Saturday, January 19, 2013

What Do International Tests Really Show About U. S. Student Performance?

Because social class inequality is greater in the United States
than in any of the countries with which we can reasonably be compared,
the relative performance of U.S. adolescents is better than it appears
when countries’ national average performance is conventionally compared.

--From a report, released by the Economic Policy Institute
and co-authored by Martin Carnoy and Richard Rothstein. 

 This from The Daily Koz:

I was allowed to see an embargoed version of the report ahead of the official release in order to draft this post about it -  I will be teaching when the embargo is lifted, and this is scheduled to go live automatically.

I asked to see the report both because of the importance of the topic and the credibility of the authors.
Let me start with the authors. Martin Carnoy is a Labor Economist with a special interest in the relationship between the economy and the educational system.  This is especially relevant given how the concerns we so often hear about our educational system are usually phrased in terms of the economic risk to the nation.  Carnoy, besides his work at EPI, holds an endowed chair in the Stanford Graduate School of Education, where he chairs chairs the International and Comparative Education program.  In short, he is one of America's best experts on international comparisons.

Richard Rothstein is senior fellow of the Chief Justice Earl Warren Institute on Law and Social Policy at the University of California (Berkeley) School of Law.  He is the author of numerous books on education.  He has served as the principal education writer for the New York Times. His research and writing has often focused on the issues of how economic inequality affects education.

Clearly anything these two gentleman have to offer about education is worth paying attention to...

There are two major sets of international tests.  TIMMS, which now stands for Trends in International Mathematics and Science Study, is given to 4th and 8th grade students on a 4-year cycle that began in 1995, and it intends to provide trends in mathematics and science achievement.  It is now given in over 60 nations, although not all nations have participated in all of the administrations.

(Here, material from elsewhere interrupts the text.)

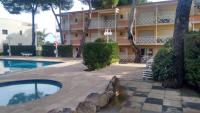 Půdorys ubytování VILLAS COSETTE - Apartamento Happolon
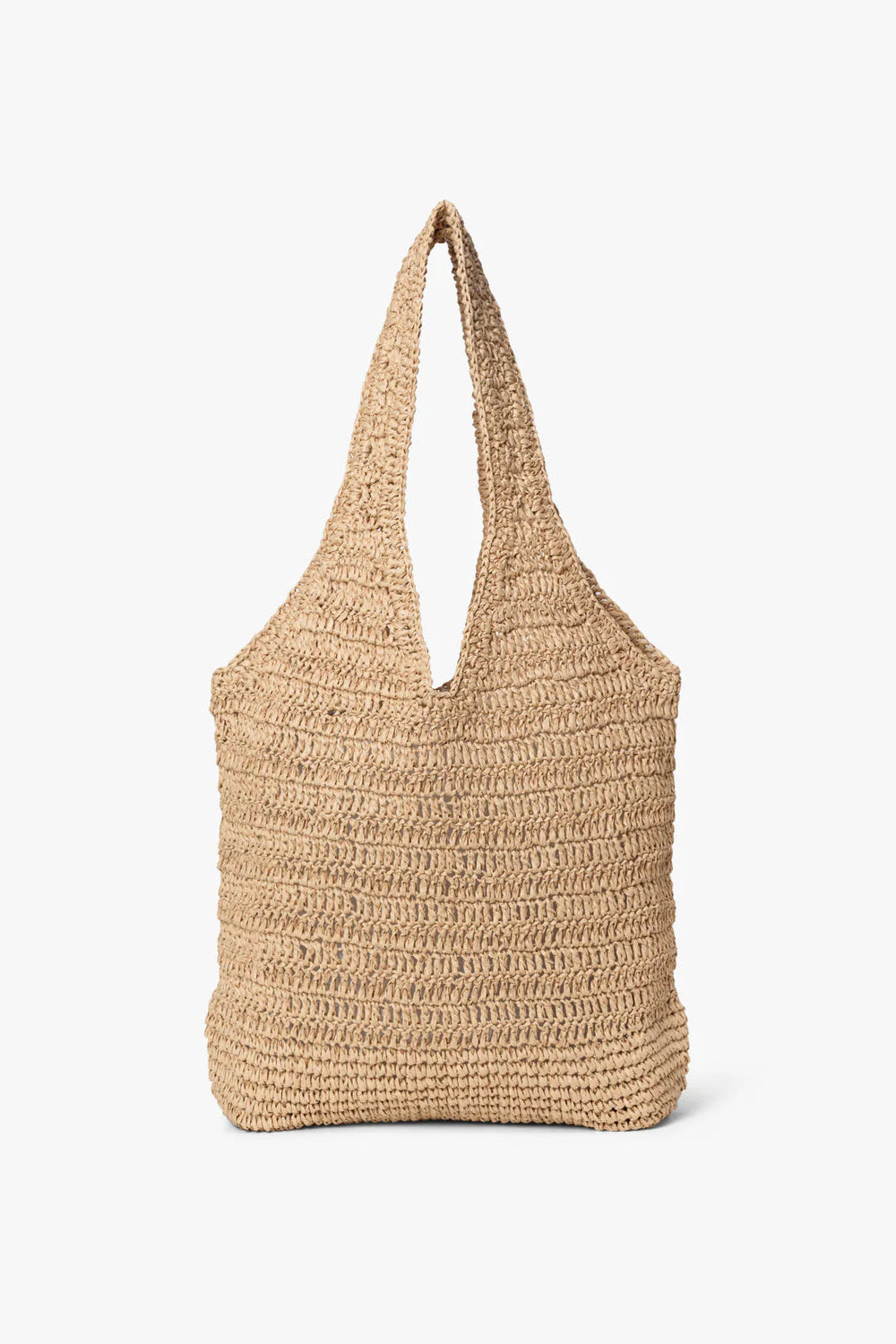 Day Crochet Tote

The people who produce TIMMS also produce PIRLS (Progress in International
Reading Literacy Study), which has been given on a 5-year cycle.  Both TIMMS and PIRLS were given in 2011.  PIRLS is NOT part of the analysis of Carnoy and Rothstein.
PISA, which stands for Programme for International Student Assessment, is offered by OECD, the Organization for Economic Cooperation and Development.  First given in 1997, PISA is given to 15 year olds on a 3-year cycle assessing their competencies in  reading, mathematics and science.

In each case, the tests are given to a sample of students in a participating nation.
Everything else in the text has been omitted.